Probably less of an issue in Java.  But I agree that if we can find an
acceptable solution that doesn't require this, we should go with it.  I'm
not suggesting we stop work on that.

>
> > Possible long-term approach:
> >
> > - Switch to a much more C++-like (or Java library-like) model in which
data
> > races have something like "undefined behavior".  Exactly how to model
that
> > is an open question.  Ordinary loads can only see stores that
happen-before
> > them, but racing loads trigger "undefined behavior". "Undefined
behavior"
> > should be defined to allow reporting an error and produce any type
correct
> > answer for the racing load.  Unlike C++, we probably want to be explicit
> > that it disallows a VM crash
> >
> > - [Probably challenging, others understand the Java constraints better
than
> > I] Introduce a mechanism for (nearly) unordered memory-order-relaxed
like
> > racing loads.  Require current racing accesses to use that mechanism
> > instead.  (Open question: coherence)
> >
> > - Strengthen this memory_order_relaxed analog to guarantee load->store
> > ordering.
>
> Again, I am not a Java expert.  But demanding the unneeded load-to-store
> ordering while dispensing with coherence seems completely backwards.

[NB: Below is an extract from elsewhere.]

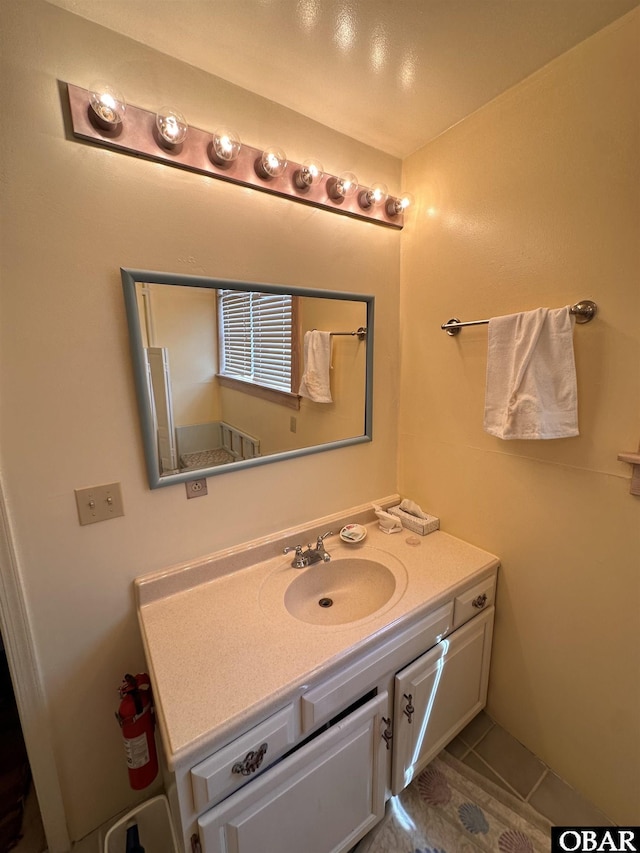 180 Irvin Garrish Hwy Unit 602, Ocracoke, NC 27960 - bathroom with vanity and tile patterned flooring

Agreed.  But that seemed like a somewhat separable issue, so I left it as
an open question.  I think we should add coherence.  That means

>
> > - Implementations may specify that they treat all ordinary accesses as
> > these "memory_order_relaxed" accesses.  Browser-based implementations,
or
> > others that require the current security model, would do so.  Whether
and
> > how to specify this is open..
> >
> >
> > Transition strategy:
> >
> > - Implementations are not required to break existing code in any way,
> > though the spec would allow them to.  In the near term, we would expect
> > implementations to continue to support (possibly with a suitable flag)
the
> > current ill-defined model, along with the new model.  (Which should be
> > easy; the only really new support id for memory_order_relaxed and
> > load->store ordering.)
> >
> > - The fact that data race detection is much easier in the new model may
> > help to inspire people to move to it.
> >
> >
> > Long term potential advantages:
> >
> > - No OOTA issues!
>
> I still believe that we can avoid OOTA without requiring implementations
> to emit unnecessary instructions.

I'm all in favor, so long as the solution doesn't amount to introducing an
even more complicated model that we understand even less well, thus
effectively just kicking the can down the road.  View this as a fallback.

>
> > - Easier race detection.  A standard conforming JVM should be able to
throw
> > a data race exception if it finds one.
>
> You lost me here -- how do needless branches and foregone coherence help
> in detecting data races?

The problem is that Java, unlike C/C++, currently allows unannotated data
races.  Thus detected races are not necessarily bugs, meaning that data
race detectors will unavoidably generate false positives.  This benefit
essentially just derives from introducing a standard way to identify
intentional races that should not be reported.

>
> > - Uniform model for basic types and libraries.
>
> Uniform in what way?

Data races are errors in both cases.  Currently Java has (supposedly)
defined semantics for racing accesses to base types like int, and there are
semi-common idioms that rely on those data races.  In contrast we
effectively treat racing accessed to ArrayList<int> as errors, with no
restriction on their behavior.  I don't think we ever believed this made
much sense.  I think the original intention, at least in the back of my
mind, was that we would eventually fix the ArrayList etc. specifications.
It hasn't happened, and it probably isn't realistically possible.  I'm
proposing that we bite the bullet and say both are errors.

>
> > - We can delete the special cases for tearing longs and doubles without
> > unacceptably slowing down some implementations.
>
> The idea here is that tearing becomes legal, correct?  If so, I guess
> I can agree with one out of four!  ;-)

Right.  Since the issue is only raised by erroneous programs.

Hans